§ Assigned task
Starting at the line that contains "Voigtlander Bessa T", write out each line through the end of the data below, exactly as it stands. Skip any pictures.

§ Input data
::::::::::

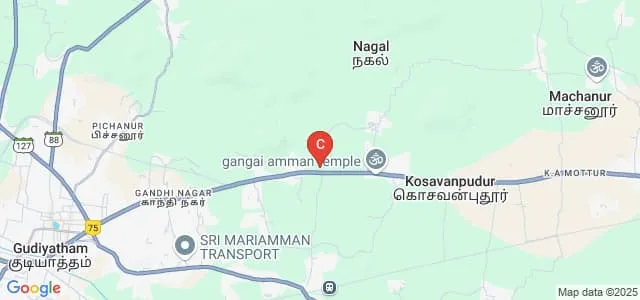 Sree Abiraami Arts and Science College for Women, Vellore Map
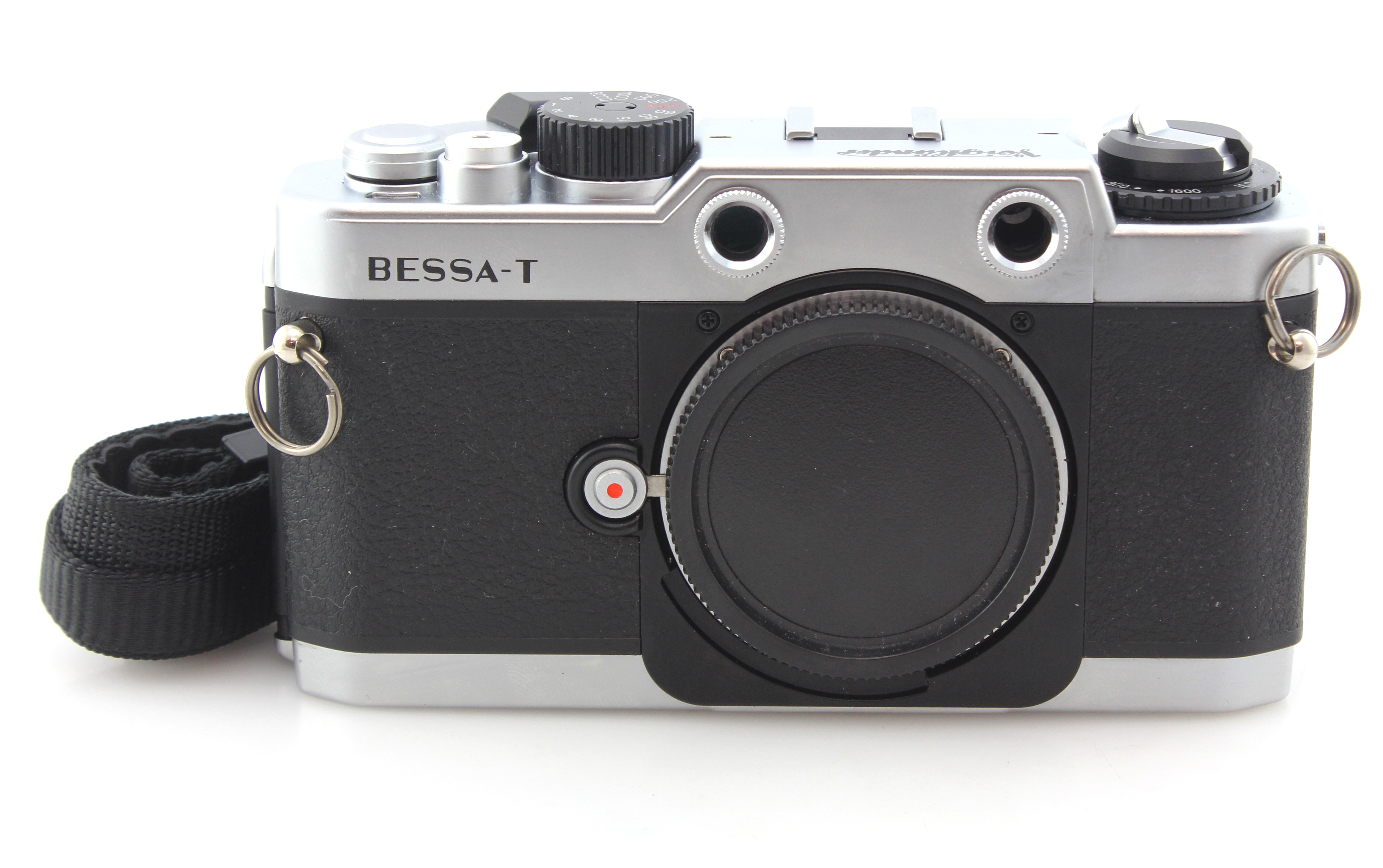 Voigtlander Bessa T 35mm Rangefinder Body Chrome. With Strap.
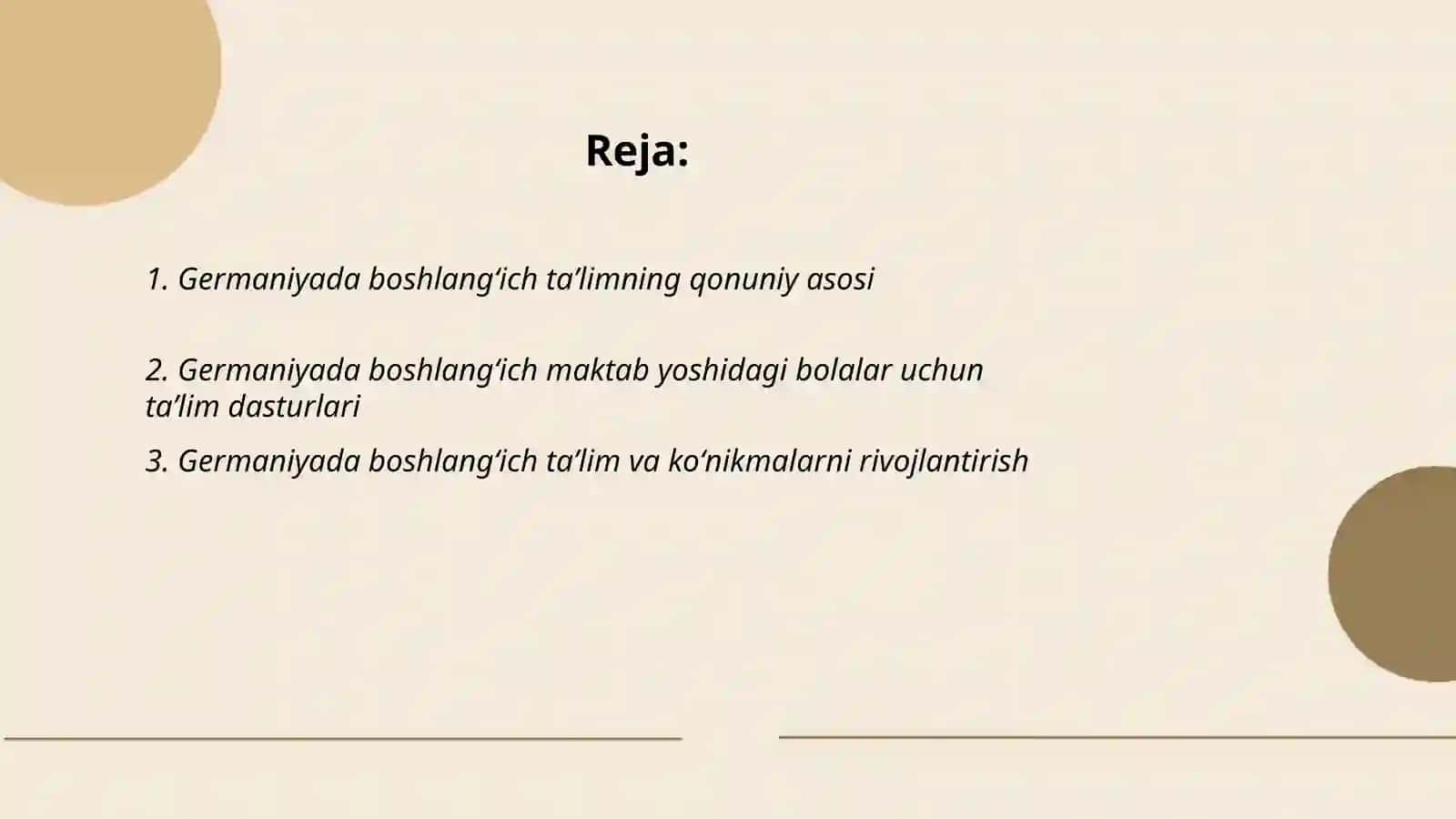 Germaniyada boshlangʻich taʼlim 2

::::::::::

§ Result of the task
 Voigtlander Bessa T 35mm Rangefinder Body Chrome. With Strap.
 Germaniyada boshlangʻich taʼlim 2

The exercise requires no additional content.